> [Extracted records]:
------------

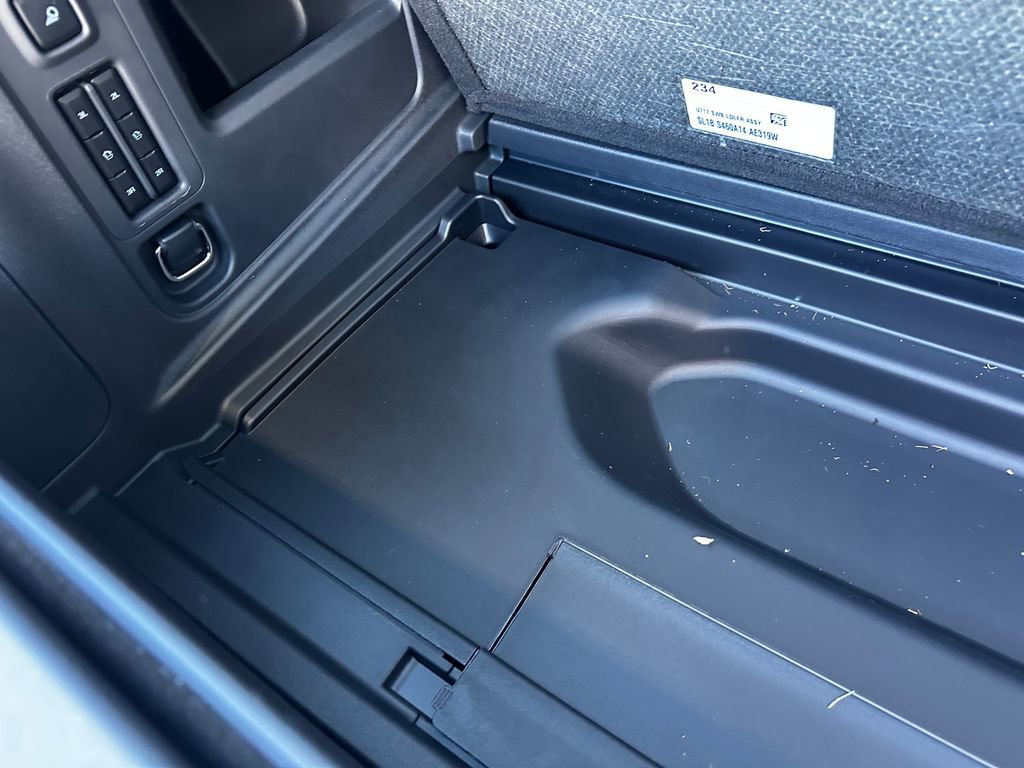 New 2025 Ford Expedition Platinum w/ Platinum Ultimate Package image 54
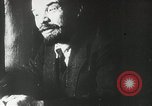 Image of Russian people demonstrating in Kronstadt Russia, 1924, second 59 stock footage video 65675064327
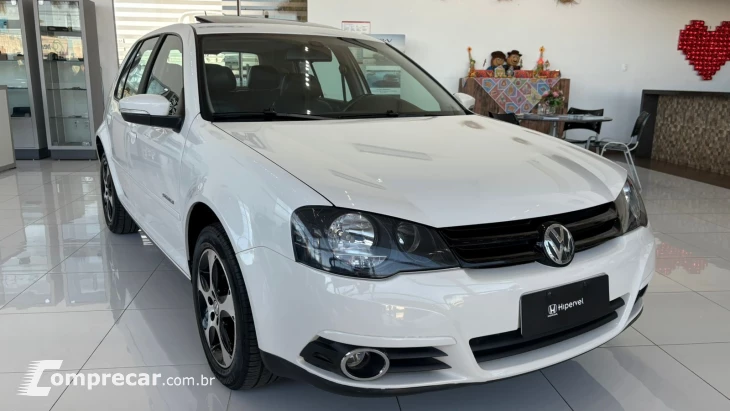 Golf Sportline 1.6 (Flex)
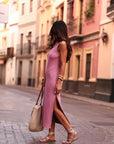 Robe Molly rose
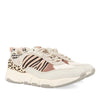 Anatomic and pretty pink zebra sneakers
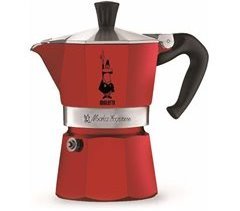 Cafetera Italiana Moka
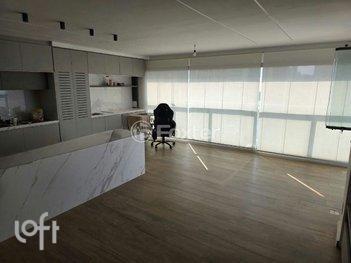 apartment em Nicolau de Sousa Queirós, Vila Mariana - São Paulo - SP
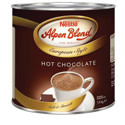 Nestle Alpen Blend Hot Chocolate 1.4kg x 1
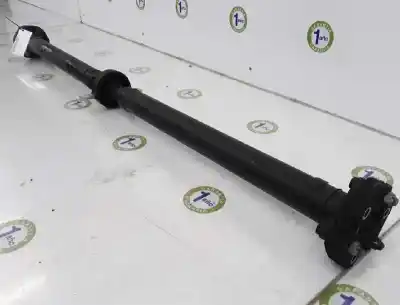 Pièce détachée automobile d'occasion transmission centrale pour bmw serie 1 berlina 5p (f20) 2.0 116d références oem iam 26107624182  26107624182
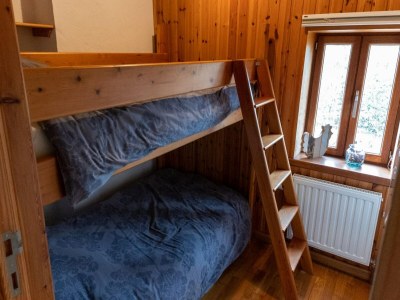Farmhouse Schönes Bauernhaus in Sivry-Rance mit Garten - Features photo 15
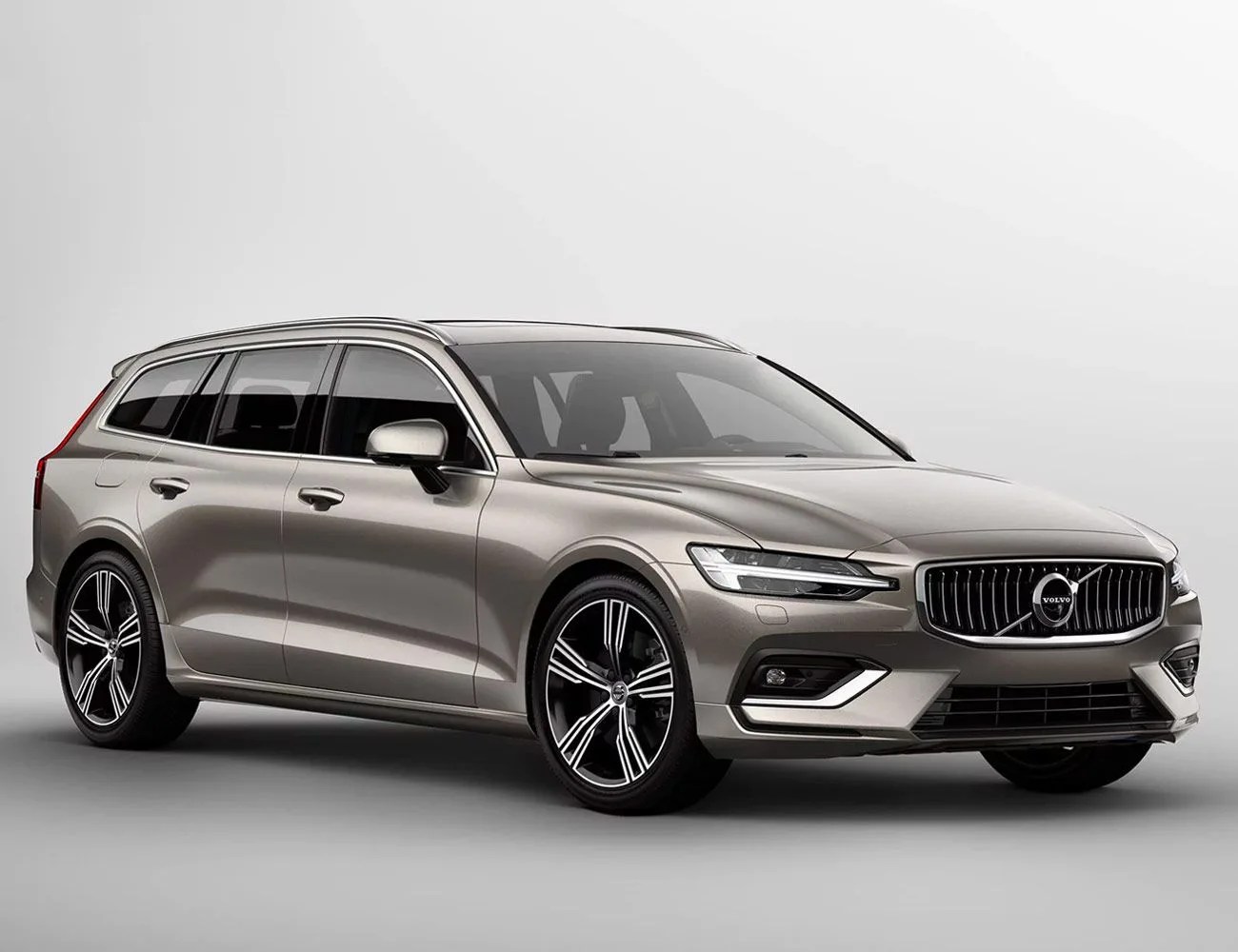 Geneva-Motorshow-2018-Preview-gear-patrol-Volvo-V60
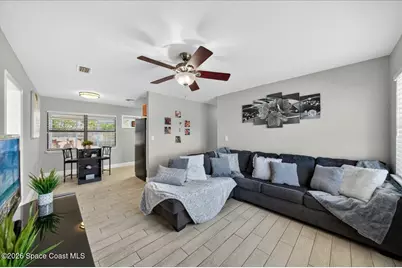 2139 Smathers Circle N, Melbourne, FL 32935 - Photo 3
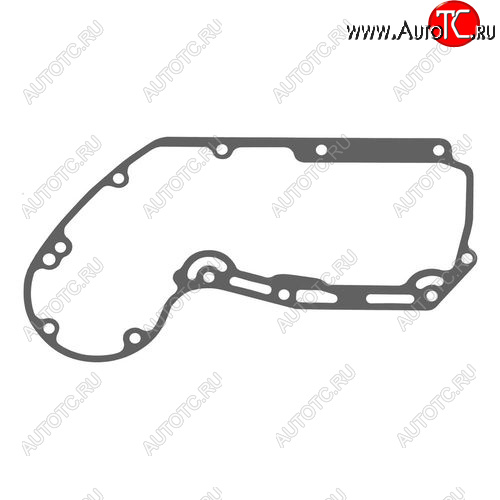 1 029 р. Прокладка Harley Davidson 2526390  25263-90D  00hd-003  с доставкой в г. Майкоп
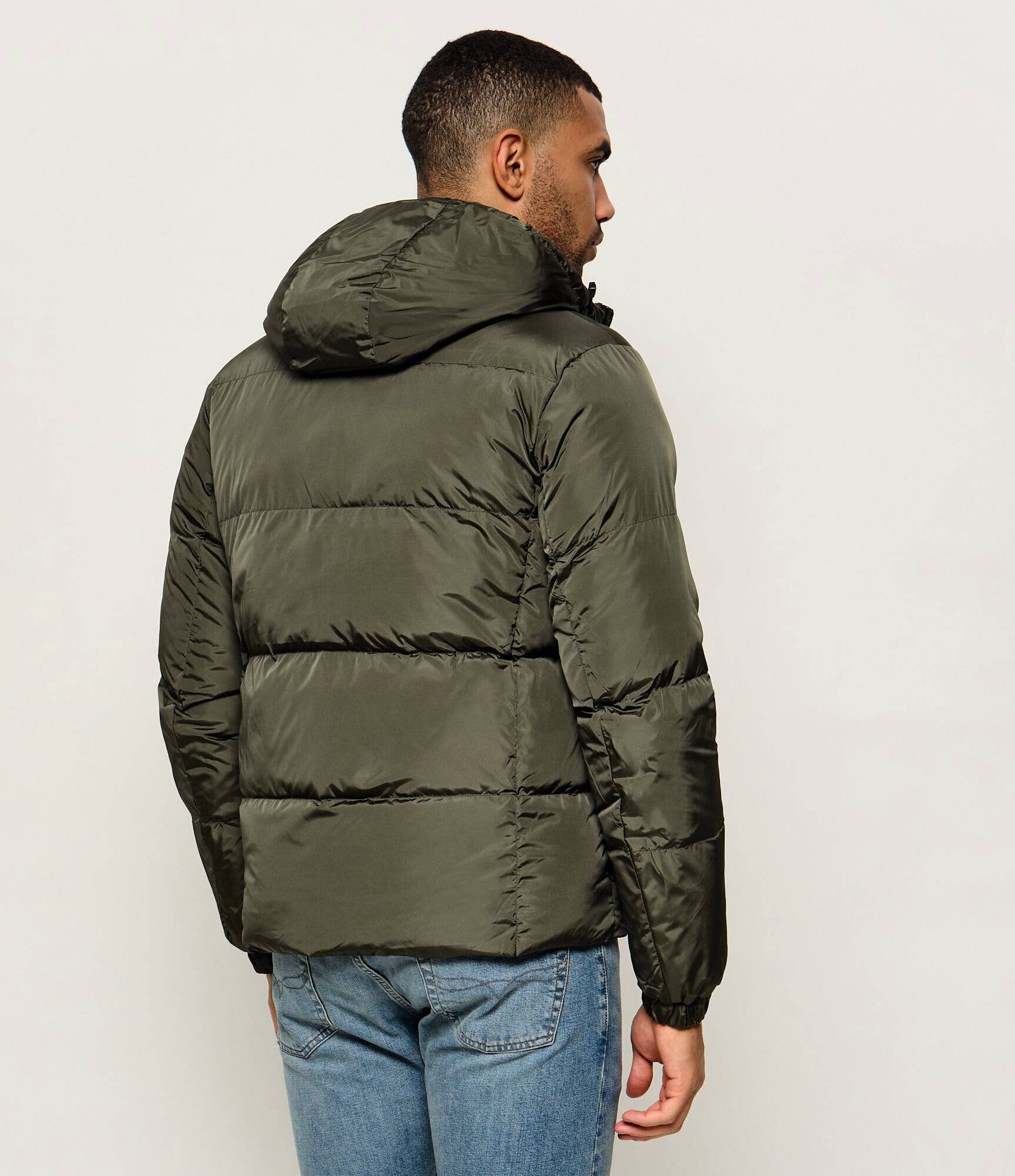 RefrigiWear Geacă de puf | regular fit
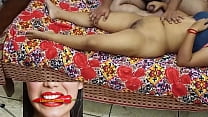 Hot Married Couple HoneyMoon Leaked Video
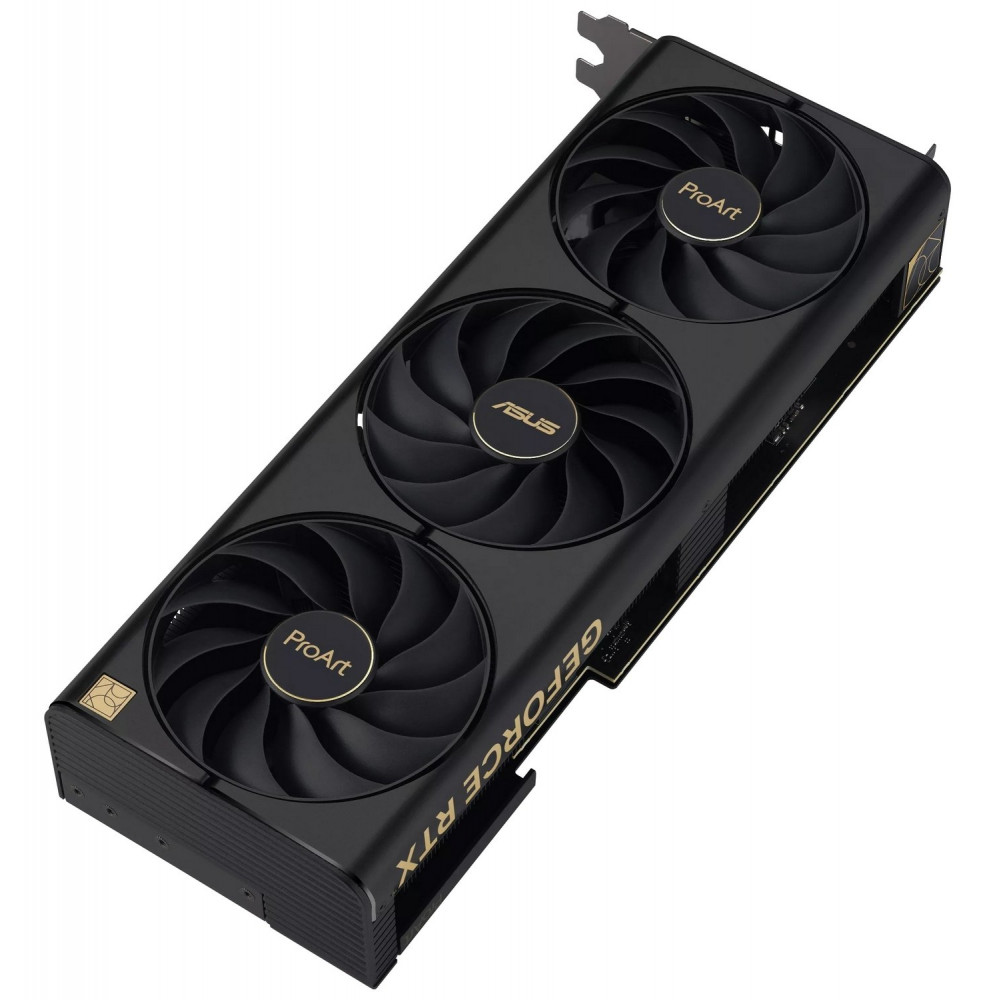 Відеокарта GF RTX 4070 Ti 12GB GDDR6X ProArt Asus (PROART-RTX4070TI-12G)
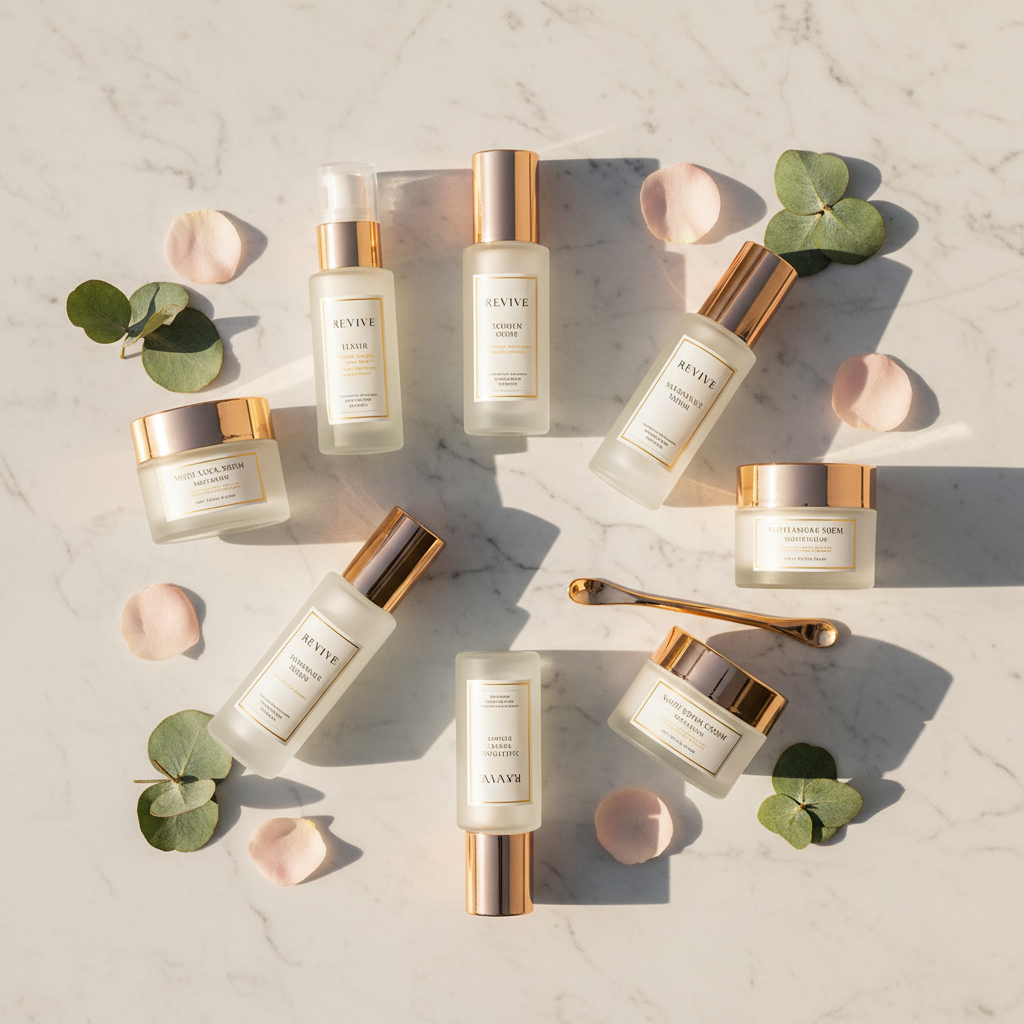 Skincare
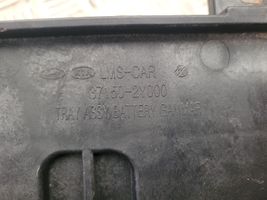 KIA Sportage Vassoio batteria 371502Y000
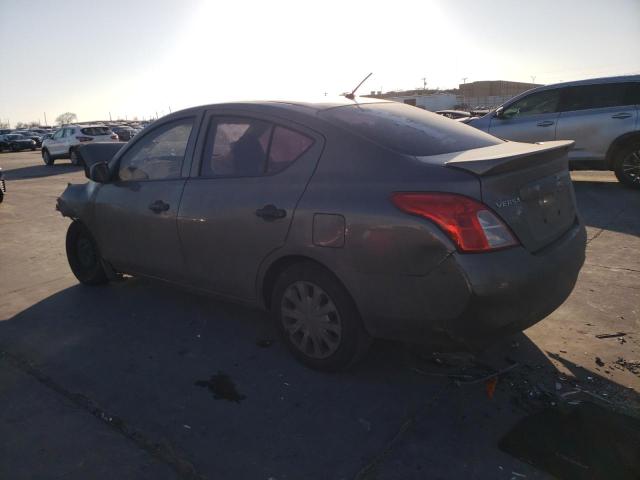 Photo 1 VIN: 3N1CN7AP1EL866127 - NISSAN VERSA 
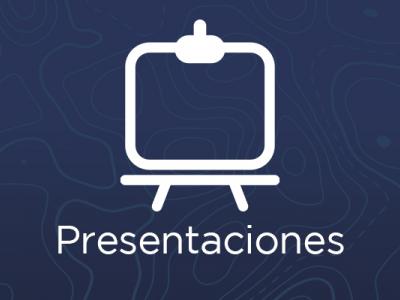 Presentaciones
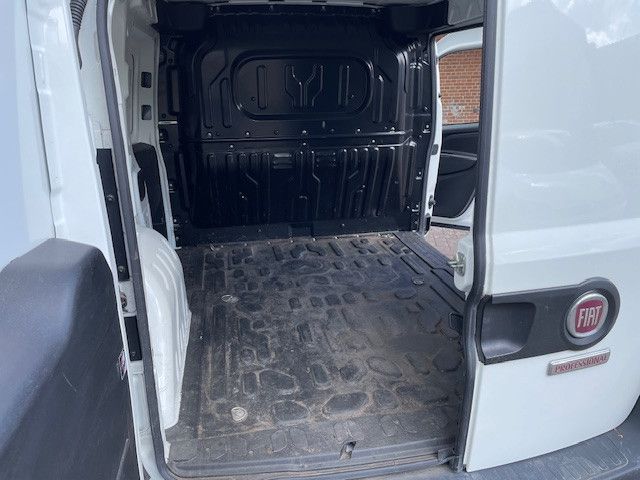 Fiat Doblo 2022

------------

> [Task]: Only the lines from the one containing "Pièce détachée automobile" through the end of the records are wanted, set down exactly and without their pictures.

> [Answer space]:
 Pièce détachée automobile d'occasion transmission centrale pour bmw serie 1 berlina 5p (f20) 2.0 116d références oem iam 26107624182  26107624182
Farmhouse Schönes Bauernhaus in Sivry-Rance mit Garten - Features photo 15
 Geneva-Motorshow-2018-Preview-gear-patrol-Volvo-V60
 2139 Smathers Circle N, Melbourne, FL 32935 - Photo 3
 1 029 р. Прокладка Harley Davidson 2526390  25263-90D  00hd-003  с доставкой в г. Майкоп
 RefrigiWear Geacă de puf | regular fit
 Hot Married Couple HoneyMoon Leaked Video
 Відеокарта GF RTX 4070 Ti 12GB GDDR6X ProArt Asus (PROART-RTX4070TI-12G)
 Skincare
 KIA Sportage Vassoio batteria 371502Y000
 Photo 1 VIN: 3N1CN7AP1EL866127 - NISSAN VERSA 
 Presentaciones
 Fiat Doblo 2022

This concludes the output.